Les trois pays reprochent à la Communauté économique des États de l’Afrique de l’Ouest de s'être éloignée des idéaux de ses pères fondateurs et du panafricanisme. Ils l'accusent d'être soumise à l’influence des puissances étrangères, de ne pas les avoir assistés dans la lutte contre le terrorisme et l’insécurité, enfin d'avoir adopté à leur encontre des "sanctions illégales, illégitimes, inhumaines et irresponsables".
Le processus de sortie prend normalement un an, période pendant laquelle les États doivent continuer à se soumettre à leurs obligations. Cette décision reste unique dans l’histoire de la Cedeao, organisation économique de 15 pays actuellement présidée par le Nigéria, qui a exprimé sa "tristesse" lundi 29 janvier. Mais ce n'est pas une surprise : les tensions s'accumulaient depuis plusieurs mois avec Bamako, Ouagadougou et Niamey, déjà suspendus depuis l'arrivée au pouvoir des militaires en 2020, 2022 et 2023. L'été dernier, l'organisation avait même brandi la menace d'un recours à la force au Niger pour y rétablir l'ordre constitutionnel et restaurer l'autorité du président Bazoum.
Des élections prévues en 2024
Ce retrait éloigne la perspective d'un retour des civils au pouvoir. Des élections devaient avoir lieu en 2024 au Mali et au Burkina, permettant un retour à un gouvernement civil. C'était un préalable exigé par la Cedeao pour la levée des sanctions économiques. Elles n'ont plus lieu d'être. "Bien installés dans les palais et devant les délices du pouvoir, [les putschistes] veulent s'éterniser dans les fauteuils présidentiels", fustige Le Patriote, quotidien du parti au pouvoir en Côte d'Ivoire.

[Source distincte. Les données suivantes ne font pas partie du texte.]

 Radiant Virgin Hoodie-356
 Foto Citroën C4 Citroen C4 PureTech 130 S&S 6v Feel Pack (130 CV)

Leur argument pour annuler les élections ? Au nom de la lutte antijihadiste, il est nécessaire de rallonger la durée des transitions. Pourtant sur le plan sécuritaire, alors que les groupes terroristes progressent, le fait que la région se fragmente n'est pas une bonne nouvelle pour sa stabilité.

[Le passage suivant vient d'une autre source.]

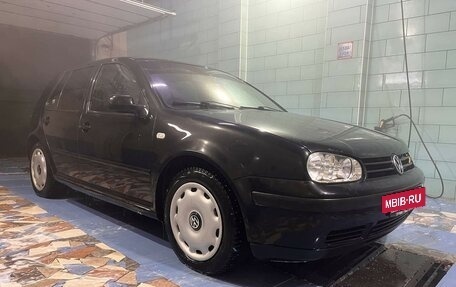 Volkswagen Golf IV, 2000 год, 360 000 рублей, 3 фотография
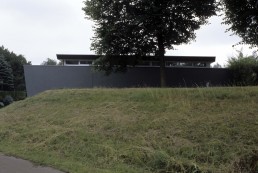 Villa in Kralingen in Rotterdam, Netherlands by architect Rem Koolhaas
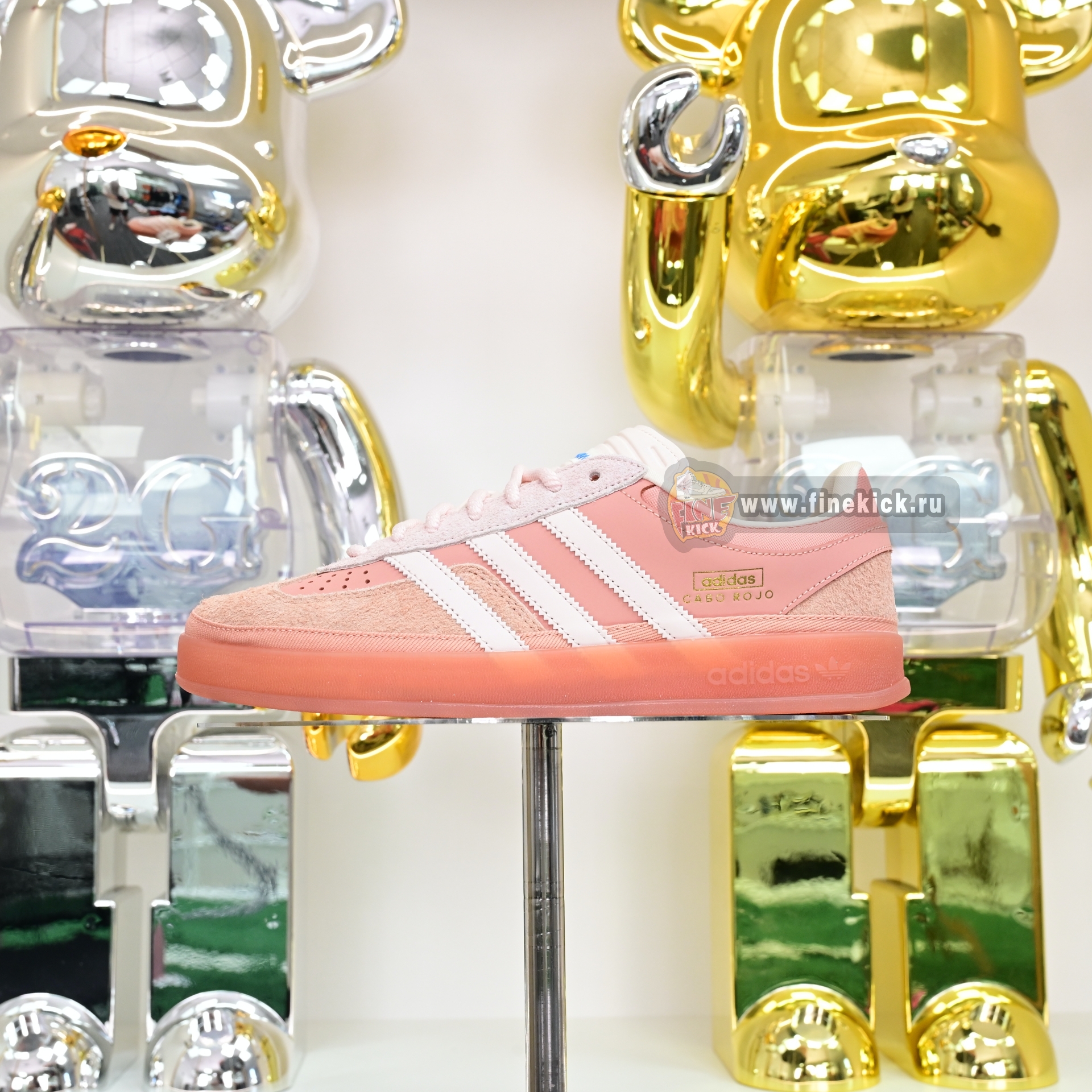 Bad Bunny x adidas originals GAZELLE INDOOR  JS5052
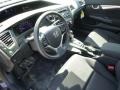Kona Coffee Metallic - Civic EX Sedan Photo No. 15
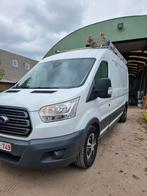 Ford Transit, Auto's, 4 deurs, Wit, Particulier, Ford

La Cedeao permet à 300 millions de personnes de voyager sans visa entre ses pays membres. En quittant l'organisation, les trois réfractaires vont perdre le bénéfice de cette libre circulation (et aussi un accès à l'océan). Cela inquiète nombre de ressortissants, qui ne pourront bénéficier des mêmes avantages qu'au sein d'une autre organisation, beaucoup plus réduite, l'Union économique et monétaire ouest-africaine, qui les lie notamment au Sénégal et à la Côte d'Ivoire.
Même si des signatures d'accords bilatéraux entre voisins peuvent atténuer les effets du divorce, les tarifs douaniers pourraient par ailleurs augmenter et faire grimper le prix de certaines denrées pour les ménages : oignons ou bétail, expédiés par le Niger dans toute la région.
La Russie, partenaire privilégié
Les trois pays vont maintenant se tourner vers la Russie, qui s'installe à la place de la France dans le fauteuil de partenaire privilégié en termes de coopération économique, militaire et politique. Elle a récemment fourni gratuitement 25 000 tonnes de blé au Mali et au Burkina. Fin décembre, elle a rouvert son ambassade à Ouagadougou après 30 ans de fermeture et se rapproche aussi du Niger.
Moscou est devenue l'étape obligée des tournées diplomatiques africaines. Le Premier ministre nigérien y était il y a deux semaines, juste avant l'annonce de la rupture avec la Cedeao... Ce qui n'est peut-être pas qu'un hasard de calendrier.